River Tiber: If You’re Reading This the Time Is Right
Aaron Gonsher spends some time with the hugely talented 2016 Red Bull Music Academy Montreal participant
Before making sumptuous vocal R&B as River Tiber, Tommy Paxton-Beesley had never aspired to be a singer. The 25-year-old Canadian mastered guitar, cello and trombone prior to leaving high school, and had always been drawn to the lyrical abstractions of singers like Thom Yorke and Marvin Gaye, but it wasn’t until he heard Jeff Buckley’s Grace that Beesley’s vocal talents began to blossom in parallel with his instrumental capabilities. “It was by trying to sing along to that record that I really started singing,” says Beesley. “Playing instruments is deeply satisfying, but when you find your own voice, the instrument you’ve been carrying around your whole life, it’s the deepest thing.”
After earning a Bachelor of Music degree from Boston’s esteemed Berklee College of Music, Beesley returned to his native Toronto and started to release a steady stream of melancholy productions, quickly becoming an in-demand guest vocalist despite his relative lack of experience. “I think of vocals in the sense that I think of arranging a chordal instrument,” relates Beesley, sounding sleepy but focused in a Skype call from his basement studio. “I listen to my favorite vocalists and am striving for that sound, but maybe the fact that I end up in a completely different place is what’s appealing.”
Since the 2013 release of The Star Falls, his debut EP as River Tiber, Beesley’s revelatory experience of his own voice has been co-signed by a growing list of high-profile collaborators and an increasingly large fanbase.

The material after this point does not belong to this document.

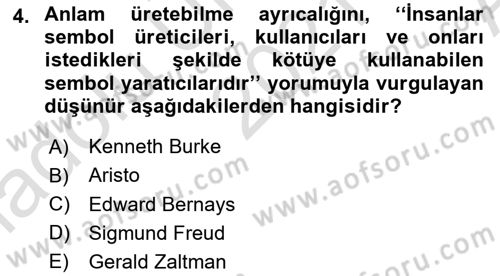 Medyada Dil Kullanımı Dersi 2021 - 2022 Yılı (Vize) Ara Sınav Soruları 4. Soru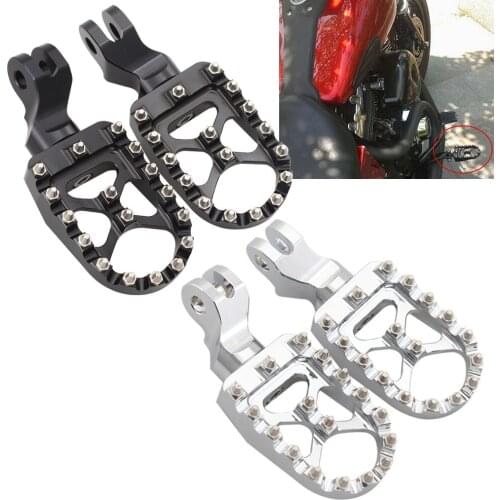Motorcycle Aluminum Front Wide Foot Pegs Footrests For Triumph Bonneville T100 T900 Trunxon 1200 Scrambler 2001- 2015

Toronto is an emerging mecca of hip hop and R&B – due in no small part to October’s Very Own (OVO), the label co-owned by Drake and Noah “40” Shebib – and Beesley is becoming a rising star of this scene via his half-lidded, blissful productions, which fall somewhere between The Weeknd’s turbulent slow jams (minus the self-destructive tendencies) and How To Dress Well’s earliest confessionals. On The Star Falls and his latest EP When the Time Is Right, deconstructed electronic elements and ghostly layered vocals make for a welcoming maelstrom, anchored by Beesley’s falsetto and a lovesickness that shades every lyric.
Though he’s worked with rising Toronto talent Sean Leon, sung on Travi$ Scott’s Rodeo and made extensive contributions to Ghostface Killah and BADBADNOTGOOD’s 2015 LP Sour Soul (he is credited on cello, violin, trombone, guitar and organ), the best evidence of Beesley’s vocal power can be heard on “No Talk,” a single sampled by Drake for “No Tellin’.” Drake encountered River Tiber through Beesley’s friend and occasional collaborator Frank Dukes, who he met while working on Sour Soul.

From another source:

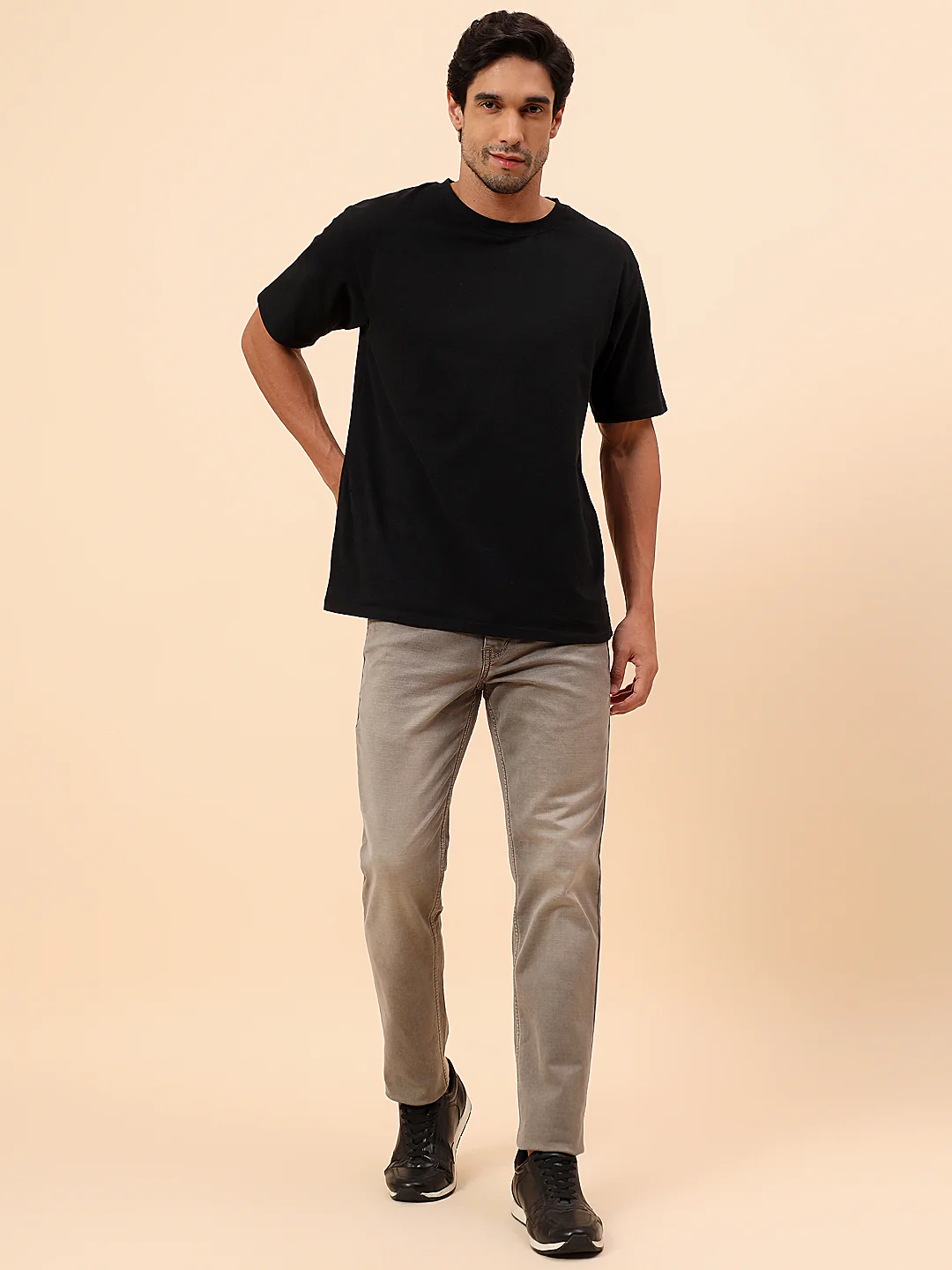 Denim Jeans for Men l Breathable & Soft with Color Fastness Straight Fit Cotton Blend Fabric Solid Pattern Button Closure - Image 8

A shimmering, paranoid original, “No Talk” became the perfect backdrop for Drake’s contemplative boasts, and the sample flip brought River Tiber to a much wider audience when If You’re Reading This You’re Too Late, the mixtape on which it appears, debuted at #1 in the U.S.
“I hadn’t heard the record, so I didn’t know if it made the cut. I didn’t even know what it sounded like, but when I listened to it, it was mind-blowing,” says Beesley excitedly. “I don’t know if he is aware of my music or whatever, but his whole camp is unbelievable to me. Especially being from Toronto, they command a lot of respect.”

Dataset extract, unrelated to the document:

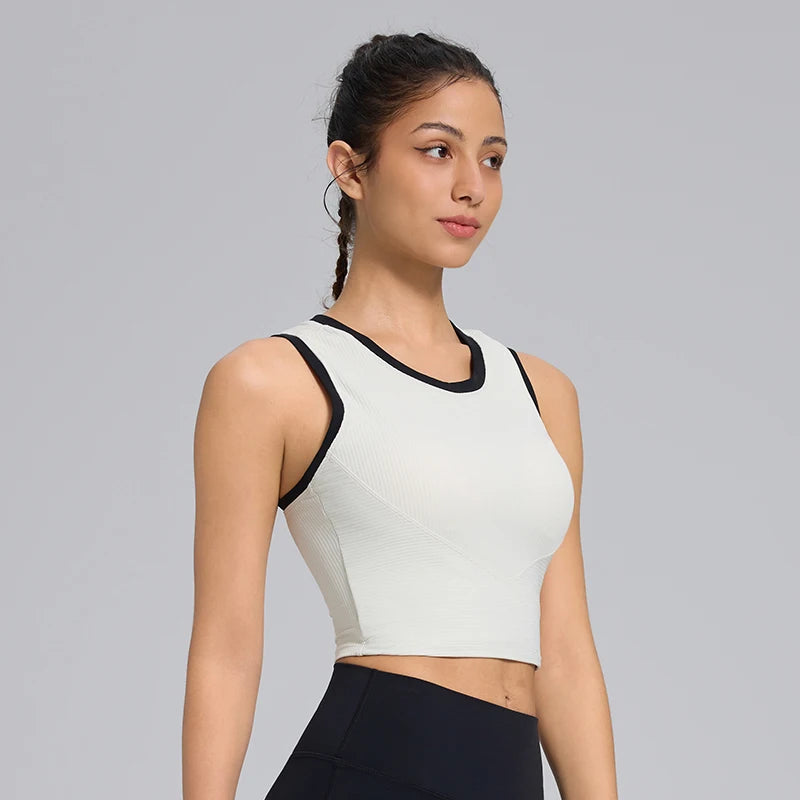 Custom logo Fitness Sports Yoga Jacket High Waist Leggings 2 Pcs Nylon Spandex Interlock Slim Fit Yoga Jacket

Though River Tiber’s music would be just as interesting without the vocals, Beesley’s knack for transportive yet opaque lyrics separates him from many other singers, who are so literal as to remove listeners from the fantasy. “I’m not the type of writer to talk about Courtney from Hooters on Peachtree. I still like to have a certain malleability of meaning. I wouldn’t say that it’s a complete alternate persona, but when I write lyrics I’m writing in a stream of consciousness style,” he explains. “When I first started writing lyrics I really focused on the aesthetic of the lyrics, but now I focus equally on evoking imagery.”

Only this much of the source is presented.